Thanks for author’s responses. However, there are STILL some concerns.

  1. There are some ‘we’ and ‘our’. As a scientific paper, the writing style should adopt the third person style.
  2. Page 1, please explain ‘CMV’ first.
  3. Page 5, delete ” in one paragraphs.
  4. The format of references should be based on MDPI style, and checked one by one.

Author 1, A.B.; Author 2, C.D. Title of the article. Abbreviated Journal Name Year, Volume, page range.

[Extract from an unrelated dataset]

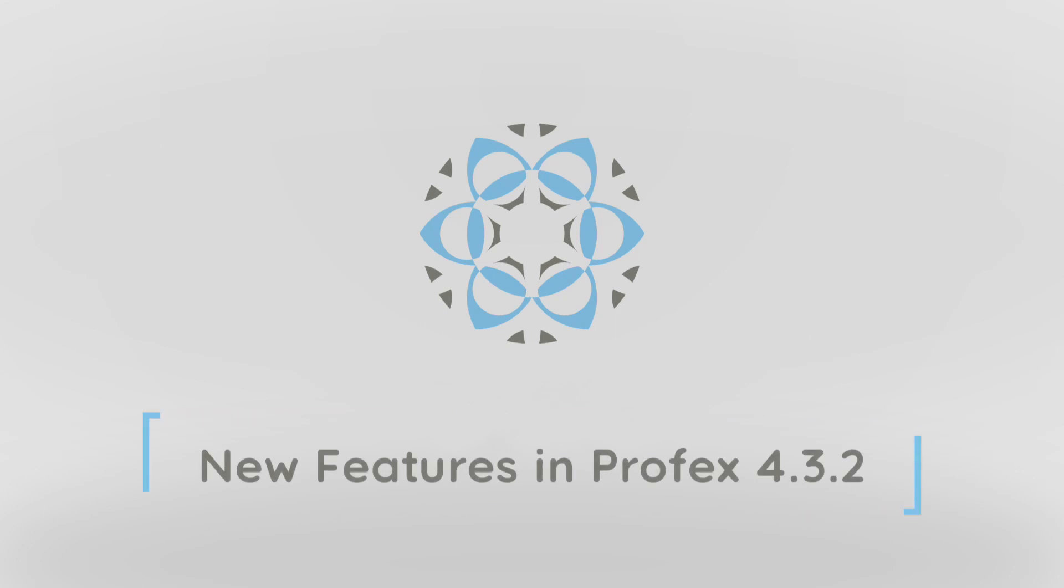Hi guys, I want to give you a quick overview of the new features in Profex 4.3.2, which was just released.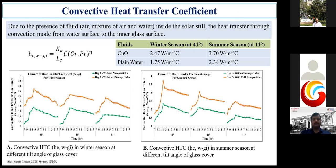Here is the convective heat transfer coefficient for both summer and winter seasons for both cases. In figure A, we can see that the 41 degree tilt angle received the maximum convective heat transfer coefficient compared to 26 and 11 degree. In winter season at 41 degree tilt angle, the copper oxide based solar still achieved 2.410 watt per meter square degree centigrade, and plain water achieved 1.75. In summer season at 11 degree tilt angle, the maximum was 3.70 watt per meter square degree centigrade and 2.3 watt per meter square degree centigrade respectively.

Comments on the Quality of English Language

The English could be improved to more clearly express the research.

Author Response

Dear Reviewer,

We sincerely thank you for your careful review and important suggestions, which helped us improve the clarity and clinical relevance of our manuscript. We have revised the manuscript accordingly, and our detailed responses are provided below.

Comment 1

There are some ‘we’ and ‘our’. As a scientific paper, the writing style should adopt the third person style.

Response

Thank the Reviewer for this important comment. We carefully checked the manuscript and changed “we” and “our” to the third person style. All changes are highlighted in green.

Comment 2

Page 1, please explain ‘CMV’ first

Response

Thank the Reviewer for this suggestion. We explain “CMV” in the Page 1 and add abbreviations for congenital cytomegalovirus infection (cCMV) and chromosomal microarray analysis (CMA) in the Abstract session.

Comment 3

Page 5, delete ” in one paragraph.

Response

Thank the Reviewer for this observation. We deleted “in paragraph 8.


Comment 4

The format of references should be based on MDPI style, and checked one by one.
Author 1, A.B.; Author 2, C.D. Title of the article. Abbreviated Journal Name Year, Volume, page range 

Response

Thank you for this valuable comment.

The references have been reformatted based on MDPI style, and checked one by one.